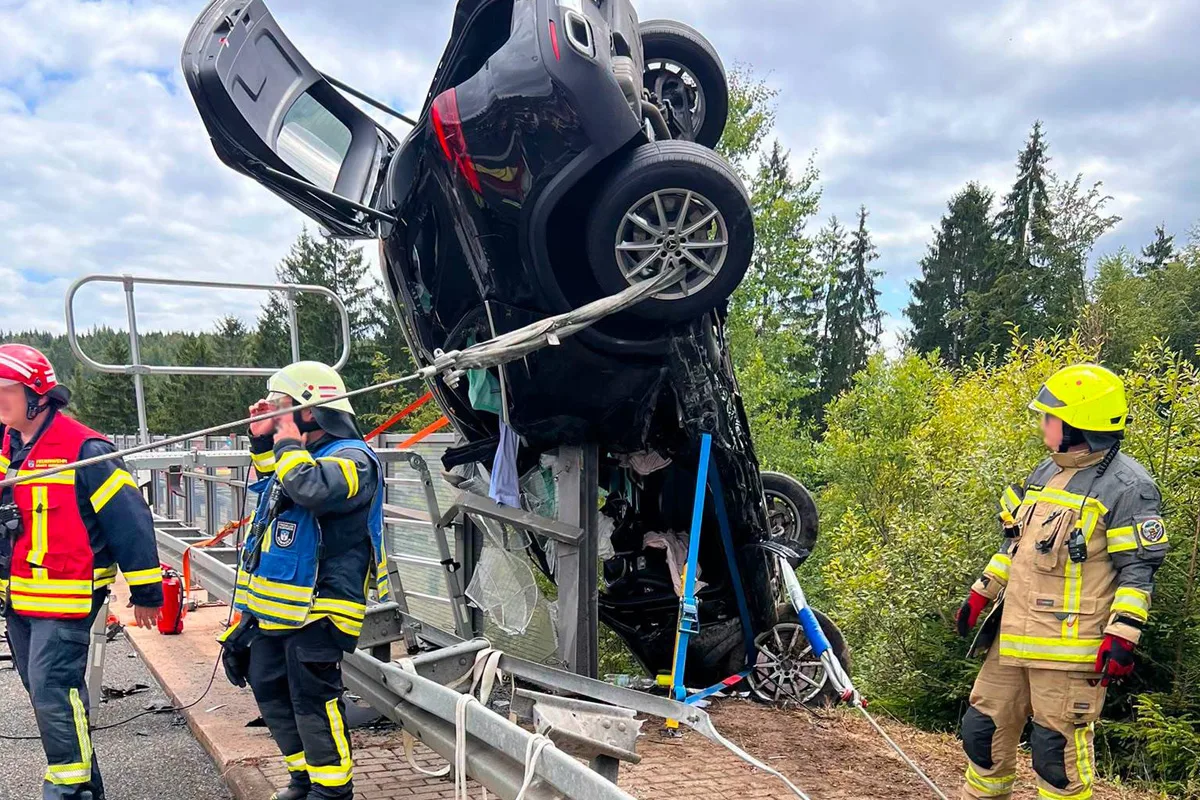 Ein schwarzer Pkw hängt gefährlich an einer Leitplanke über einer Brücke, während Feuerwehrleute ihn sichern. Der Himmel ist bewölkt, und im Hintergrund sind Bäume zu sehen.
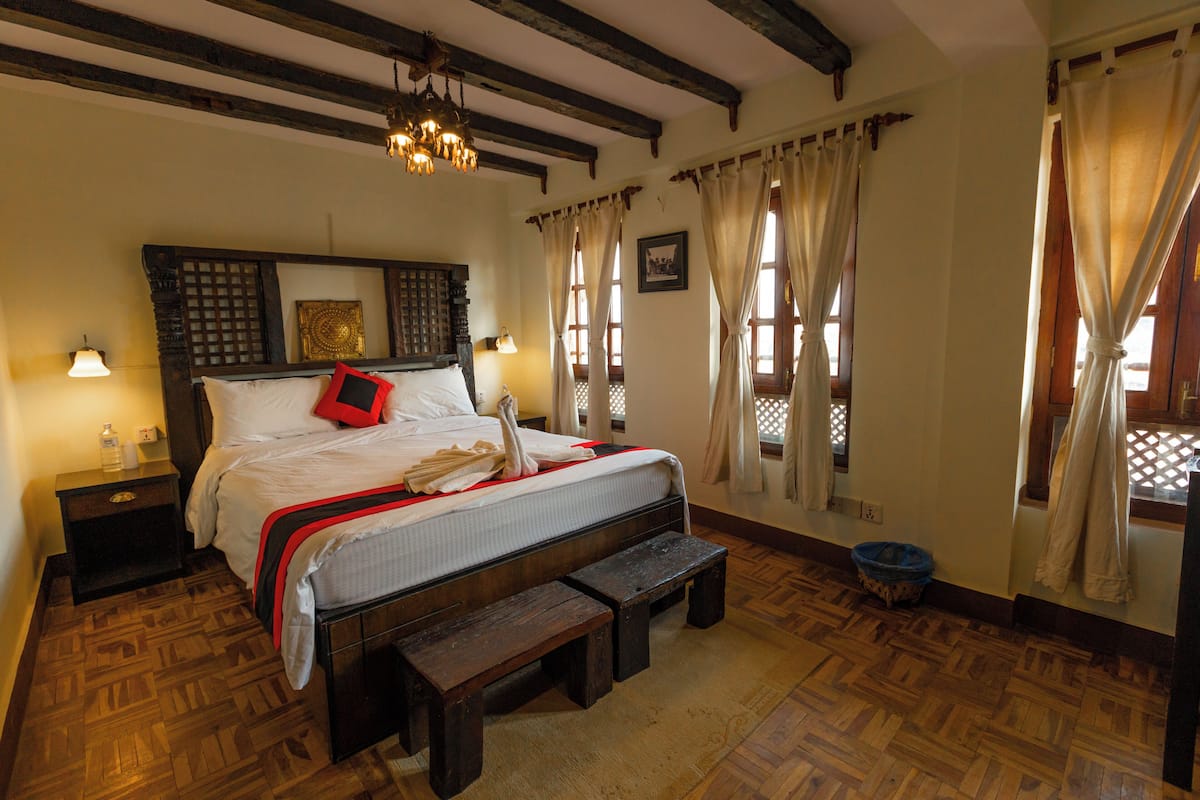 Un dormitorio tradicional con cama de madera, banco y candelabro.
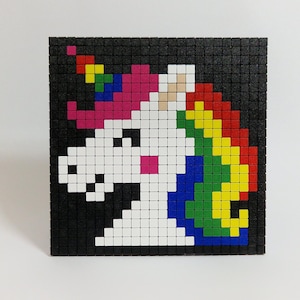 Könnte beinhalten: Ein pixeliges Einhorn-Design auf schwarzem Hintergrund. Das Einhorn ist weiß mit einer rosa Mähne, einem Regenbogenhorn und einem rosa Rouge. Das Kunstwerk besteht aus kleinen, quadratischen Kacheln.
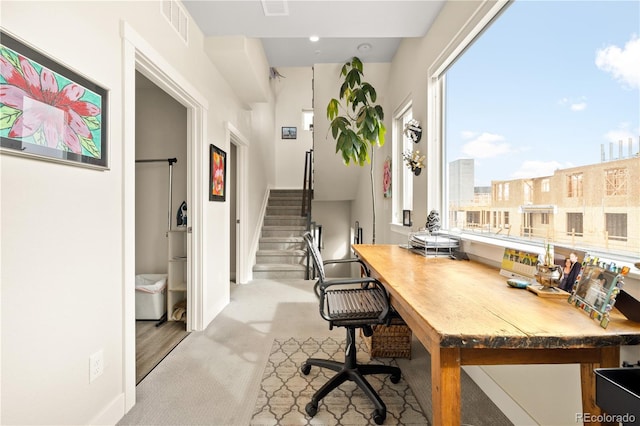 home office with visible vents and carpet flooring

Your task | Beginning with the line that contains "Könnte beinhalten: Ein", output each line of the material above through the last one exactly as it stands. Do not include the pictures.

Exercise output |
 Könnte beinhalten: Ein pixeliges Einhorn-Design auf schwarzem Hintergrund. Das Einhorn ist weiß mit einer rosa Mähne, einem Regenbogenhorn und einem rosa Rouge. Das Kunstwerk besteht aus kleinen, quadratischen Kacheln.
 home office with visible vents and carpet flooring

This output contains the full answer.